Y cuando me refiero a la influencia del Señor en los líderes, me refiero también a los incontables miles de otros líderes en cuyas casas me he hospedado, cuyo testimonio he oído y cuyas buenas obras y generoso servicio he podido apreciar. Sé que dondequiera que haya un corazón humilde y sincero, deseo de justicia, abandono del pecado y obediencia a los mandamientos de Dios, el Señor derrama más y más luz hasta que finalmente se transforma en un poder que traspasa el velo celestial y se llega a saber más de lo que el hombre sabe. Una persona que sea justa tiene la invalorable promesa de que un día verá la faz del Señor y sabrá que Él es. (Véase D. y C. 93:1.)
A menudo se les da reconocimiento especial a las Autoridades Generales, y con razón, ya que es nuestra responsabilidad orar por ellas, para que tengan éxito en sus llamamientos; pero yo sé que el Señor está complacido con cualquier alma que honre el llamamiento que Él le ha dado, cualquiera que éste sea, en la misma manera que lo está con aquellos cuya vida y logros son más evidentes. El presidente J. Reuben Clark, hijo, hizo la siguiente declaración en forma simple y elocuente: “En esto de servir al Señor, no importa dónde se sirve sino cómo. En La Iglesia de Jesucristo de los Santos de los Últimos Días, uno toma el lugar al cual ha sido llamado debidamente, lugar que no se busca ni se rechaza” (Conference Report, abril de 1951, pág. 254). El presidente Clark guio su vida por este precepto. Toda mi vida he apoyado a mis líderes y he orado por ellos. Y durante estos últimos años he sentido un mayor poder debido a las oraciones que los santos han elevado a los cielos por mí.

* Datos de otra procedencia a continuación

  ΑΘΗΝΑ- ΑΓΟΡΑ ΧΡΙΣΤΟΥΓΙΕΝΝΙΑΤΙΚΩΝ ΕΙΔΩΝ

Estoy agradecido por la longanimidad del Señor; parecería que El recibe tan poco a cambio de todo lo que hace por nosotros, pero el principio del arrepentimiento —de levantarnos cada vez que caemos, sacudirnos y reiniciar ese camino ascendente— este principio es la base de toda nuestra esperanza. Es por medio del arrepentimiento que el Señor Jesucristo puede llevar a cabo el milagro sanador, infundiéndonos fortaleza cuando nos sentimos débiles, salud cuando estamos enfermos, esperanza cuando estamos desilusionados, amor cuando nos sentimos vacíos y entendimiento cuando buscamos la verdad.
Por encima de todo, declaro que el Señor Jesucristo es el centro de nuestra fe, y os testifico que Él vive y hoy día dirige su Iglesia, que oye nuestras oraciones cuando humilde, ferviente e incesantemente nos esforzamos por conocer su voluntad, haciendo también de éste un día de milagros y de revelación. Yo testifico que ésta es la verdad tal como mi padre y yo, y vuestros padres y vosotros hemos estado enseñando al mundo: Este evangelio es verdadero y divino.